### Problem to solve
Where the records below begin, start copying, and stop after the line that contains "Velvet Modular Left"; reproduce every line exactly but omit pictures.

(Short descriptive text snippets)
--------------------------------

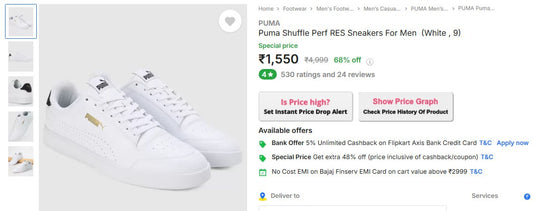 68% Off -PUMA Shuffle Sneaker At Rs.1,550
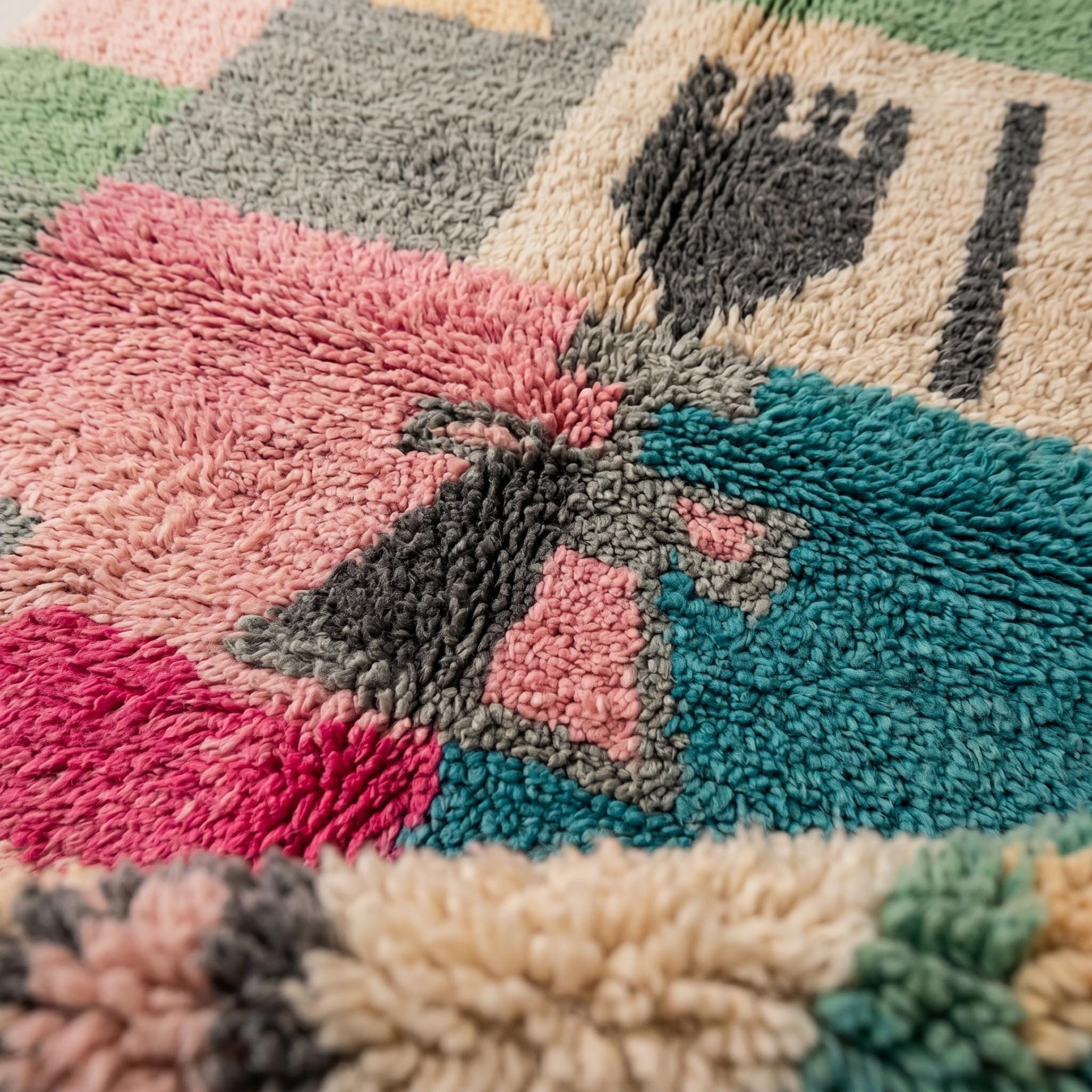 Azilal Rug - Color Block Wool Rug - Handmade Berber Abstract Carpet - 8x5 Modern Boho Area Rug - One of a Kind Rug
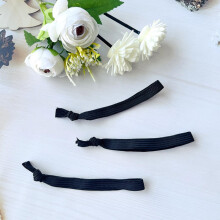 Gomas para el cabello para hombre, 30 unidades, negras, elásticas, planas, para coleta, de alta elasticidad.
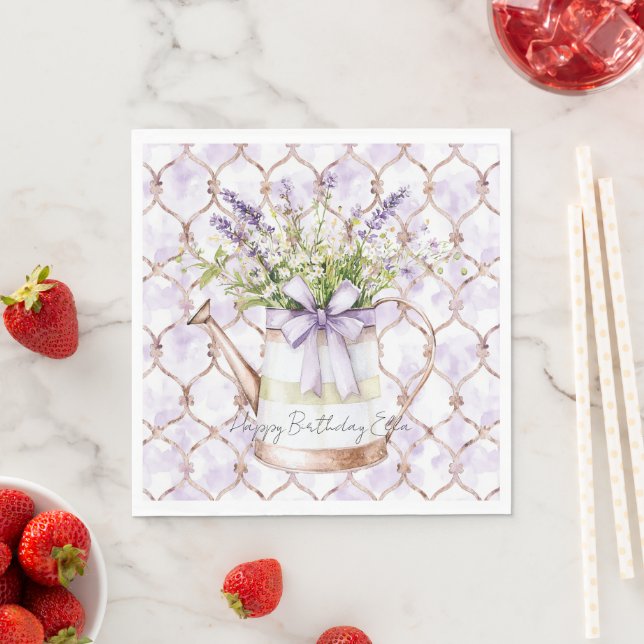 Servilleta De Papel Cumpleaños de lazo de flores de lavanda (In situ)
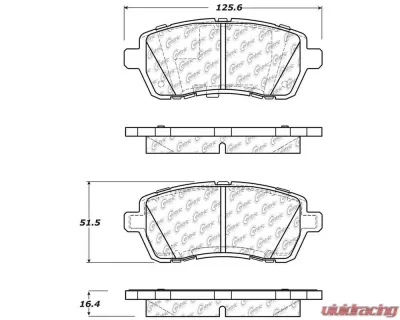 StopTech Brake Pads - Front, Ceramic, Black, Ford Mustang 2015-2020, 309.1454 - 309.14540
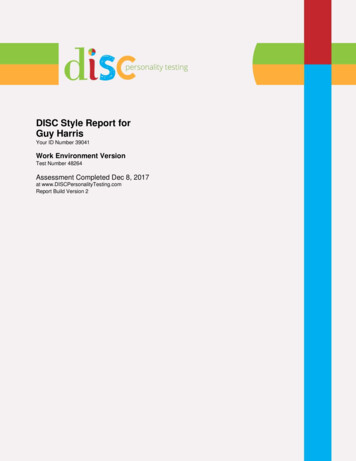 DISC Style Report For Guy Harris - DISC Personality Testing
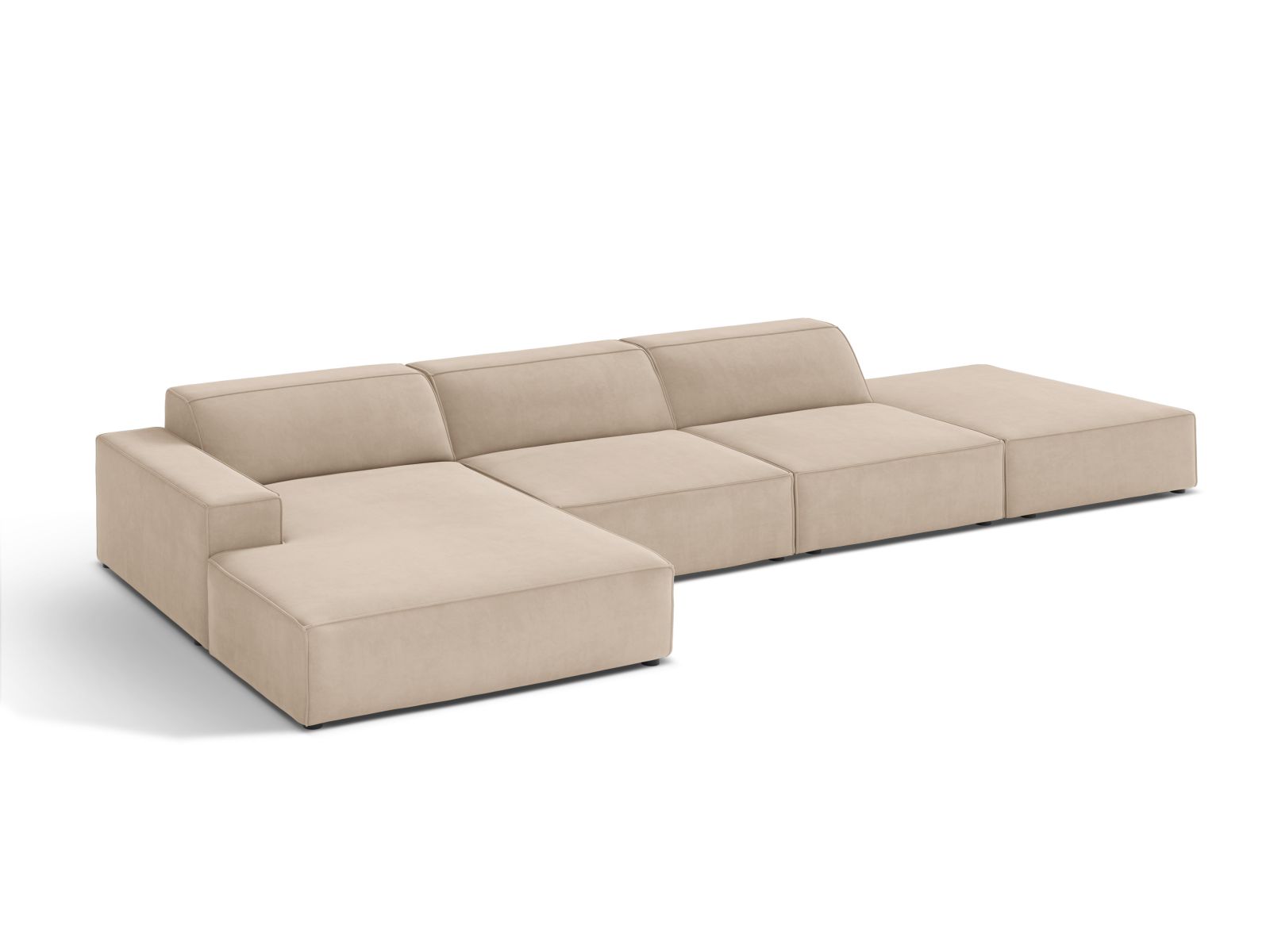 Velvet Modular Left Corner Sofa, "Jodie", 5 Seats, 341x162x77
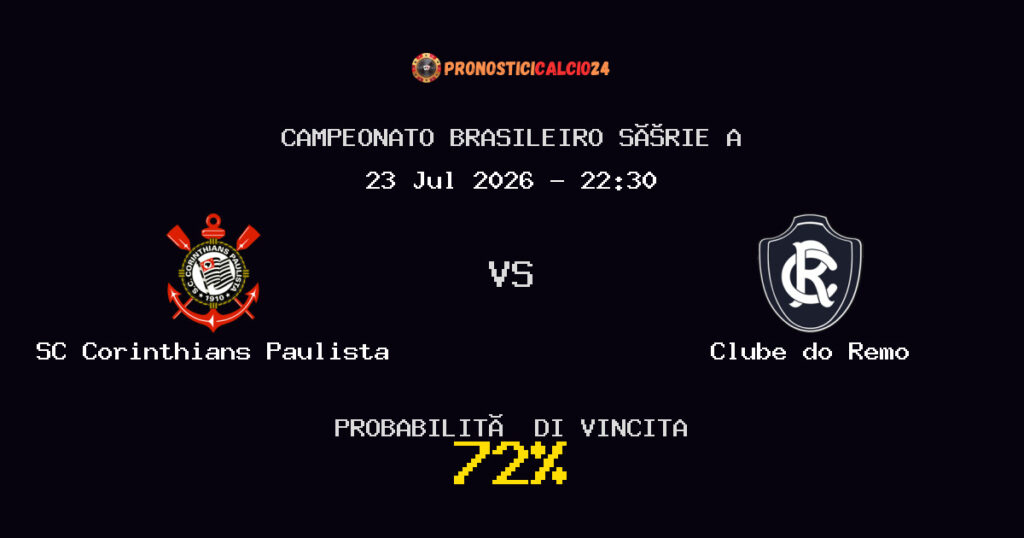 SC Corinthians Paulista vs Clube do Remo Pronostico Partita – Campeonato Brasileiro Série A – Consigli Scommesse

--------------------------------

### Completed task
 68% Off -PUMA Shuffle Sneaker At Rs.1,550
 Azilal Rug - Color Block Wool Rug - Handmade Berber Abstract Carpet - 8x5 Modern Boho Area Rug - One of a Kind Rug
 Gomas para el cabello para hombre, 30 unidades, negras, elásticas, planas, para coleta, de alta elasticidad.
 Servilleta De Papel Cumpleaños de lazo de flores de lavanda (In situ)
 StopTech Brake Pads - Front, Ceramic, Black, Ford Mustang 2015-2020, 309.1454 - 309.14540
 DISC Style Report For Guy Harris - DISC Personality Testing
 Velvet Modular Left Corner Sofa, "Jodie", 5 Seats, 341x162x77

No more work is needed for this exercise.